- Bitcoin plummets over 12%, hitting a new low of $54,000 amid global market downturn.
- Crypto liquidations reach $800 million in 24 hours, with Ethereum and Bitcoin leading losses.
- Nikkei index enters bear market, falling 20% from July highs, signaling widespread economic concern.
Amid growing concerns over a potential U.S. recession, global financial markets experienced a significant downturn on August 5, with cryptocurrency values plummeting alongside traditional stock indices. The Bitcoin price notably decreased by over 12%, falling to $54,000 and breaching July's low, reflecting heightened investor anxiety and increased sell-off activities across risk assets.
Alarming Predictions for Bitcoin ETFs
During the Asia trading hours on Monday, the Bitcoin price continued its downward trajectory, briefly touching $52,386. This marked a 26% decrease from its peak earlier this year. Ethereum and other altcoins have also been heavily impacted, suffering extensive losses over the week.
Economist Peter Schiff, known for his critical stance on cryptocurrencies, predicted further challenges for Bitcoin ETFs, suggesting a potential 15% drop as markets open, which could lead to significant liquidations.
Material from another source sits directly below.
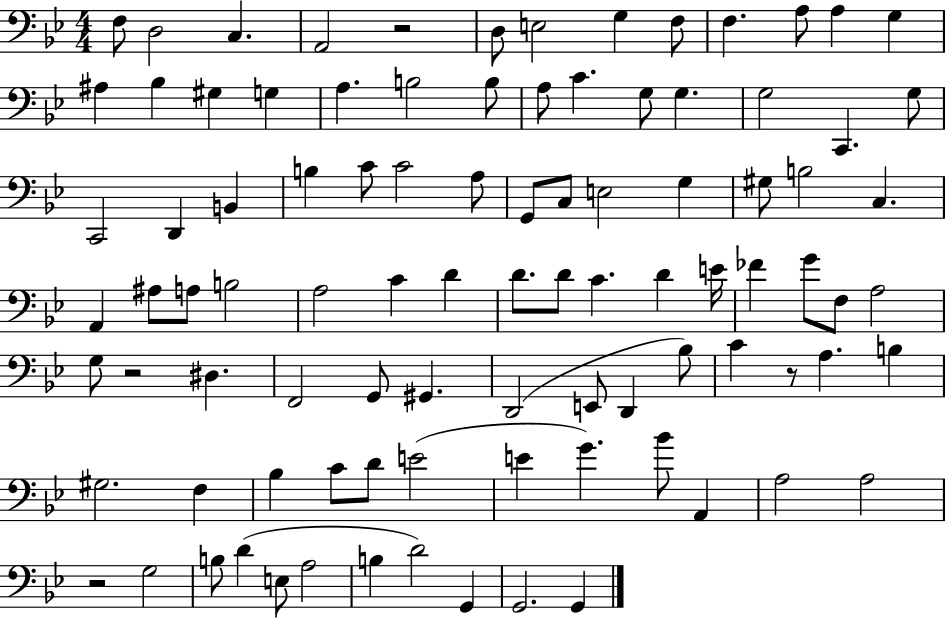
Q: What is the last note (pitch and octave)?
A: G2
Schiff also specifically warned of a potential "crypto Black Monday," a scenario that appears to be unfolding as markets across the globe experience heightened volatility.
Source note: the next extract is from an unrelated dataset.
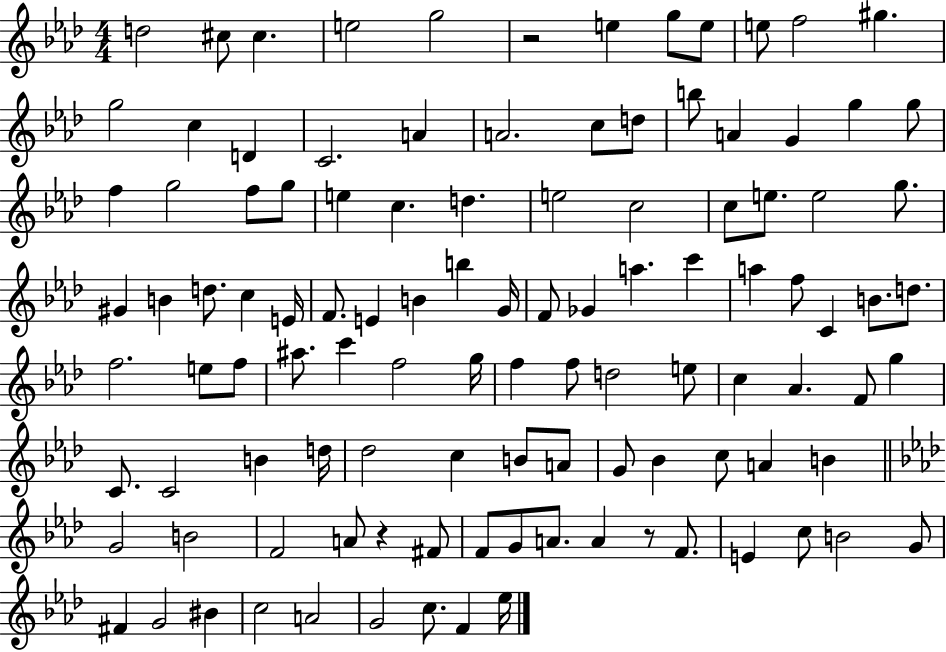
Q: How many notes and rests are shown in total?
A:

Liquidity and Market Sentiment
According to CoinGlass data, approximately $800 million in tokens were liquidated in the last 24 hours of trade, with Ethereum and Bitcoin being the most affected.
This sell-off matches a larger market trend. Japan's Nikkei index fell by over 20% since its July highs, ushering in a bear market. Similarly, U.S. futures fell dramatically, with Dow Jones, S&P 500, and Nasdaq 100 futures down substantially.
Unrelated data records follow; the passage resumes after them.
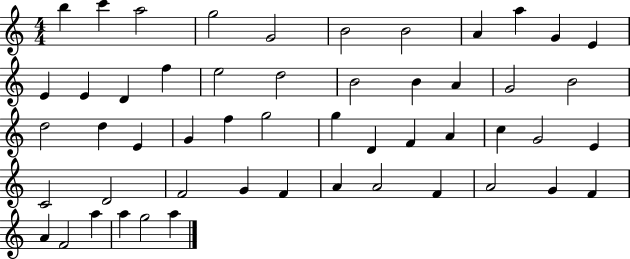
X:1
T:Untitled
M:4/4
L:1/4
K:C
b c' a2 g2 G2 B2 B2 A a G E E E D f e2 d2 B2 B A G2 B2 d2 d E G f g2 g D F A c G2 E C2 D2 F2 G F A A2 F A2 G F A F2 a a g2 a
This broad market selloff reflects mounting concerns about a future US recession, influencing investor sentiment worldwide and spreading caution in asset trading.
The ongoing market crash mirrors past financial crises where assets typically rebound over time. Current economic indicators suggest that the Federal Reserve might intervene, potentially mirroring actions taken during the COVID-19 pandemic, such as implementing significant rate cuts. Such measures could redirect capital flow back to riskier assets, including stocks and cryptocurrencies, potentially stabilizing markets.